“Buddy Holly” – Weezer
(Words/music: Rivers Cuomo, available on Weezer (1994), DGC 1994)
So the enduring icon from the past changed from Buddy Holly to the Fonz in the video, but the nostalgia stays the same. On its own, “Buddy Holly” makes early ‘90s fuzz-pop feel timeless. Even if the distortion doesn’t fit Holly’s era, the song’s bounce and reliance on melody goes back as far as popular music stretches back. If its dressed in the sounds of the ‘90s, it has an “old soul.”

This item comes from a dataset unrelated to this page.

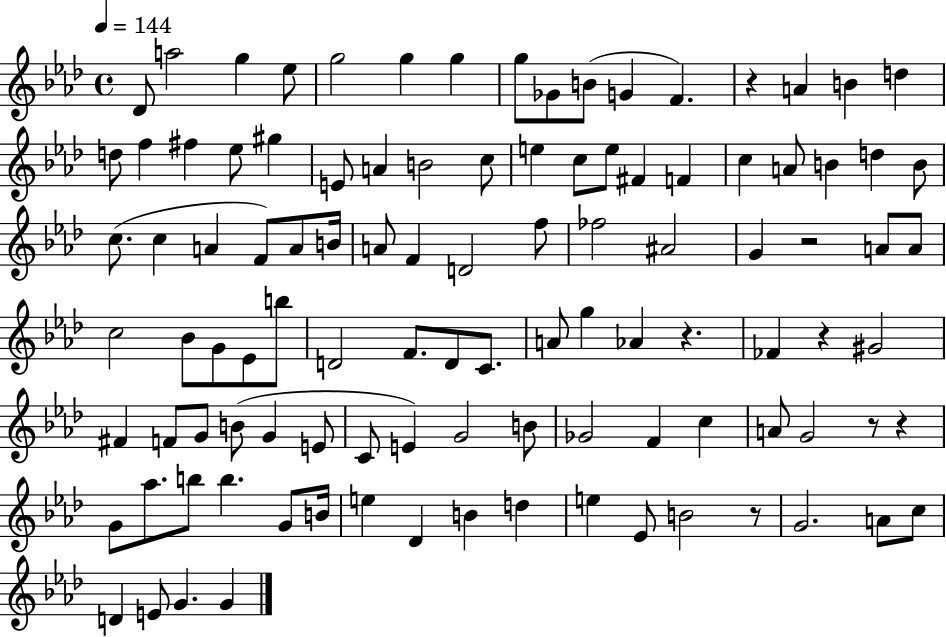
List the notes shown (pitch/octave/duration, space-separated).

Db4/e A5/h G5/q Eb5/e G5/h G5/q G5/q G5/e Gb4/e B4/e G4/q F4/q. R/q A4/q B4/q D5/q D5/e F5/q F#5/q Eb5/e G#5/q E4/e A4/q B4/h C5/e E5/q C5/e E5/e F#4/q F4/q C5/q A4/e B4/q D5/q B4/e C5/e. C5/q A4/q F4/e A4/e B4/s A4/e F4/q D4/h F5/e FES5/h A#4/h G4/q R/h A4/e A4/e C5/h Bb4/e G4/e Eb4/e B5/e D4/h F4/e. D4/e C4/e. A4/e G5/q Ab4/q R/q. FES4/q R/q G#4/h F#4/q F4/e G4/e B4/e G4/q E4/e C4/e E4/q G4/h B4/e Gb4/h F4/q C5/q A4/e G4/h R/e R/q G4/e Ab5/e. B5/e B5/q. G4/e B4/s E5/q Db4/q B4/q D5/q E5/q Eb4/e B4/h R/e G4/h. A4/e C5/e D4/q E4/e G4/q. G4/q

It’s this timelessness that keeps the video from feeling anachronistic. On paper, a ‘90s song set to a ‘70s show about teens in the ‘50s sounds like a recipe for disaster, but Spike Jonze’s video – what I imagine has to be a labor of love considering the Happy Days footage he poured through – has the sort of magic that transcends time. It comes back to the common thread – the idea of “cool.” No matter the era or the styles, coolness endures – it’s how Buddy Holly, Arthur Fonzarelli, and Rivers Cuomo each exhude their own sort of charm despite their aesthetic differences. It’s also the quality that makes this video (and song) timeless. Even today, many no longer consider Weezer “cool,” yet “Buddy Holly” would still drive a room nuts the same way it did fifteen years ago. A generation from now, this will be a similar kind of touchstone – one referenced in our children’s popular culture as a symbol of the enduring and ever-evolving idea of cool.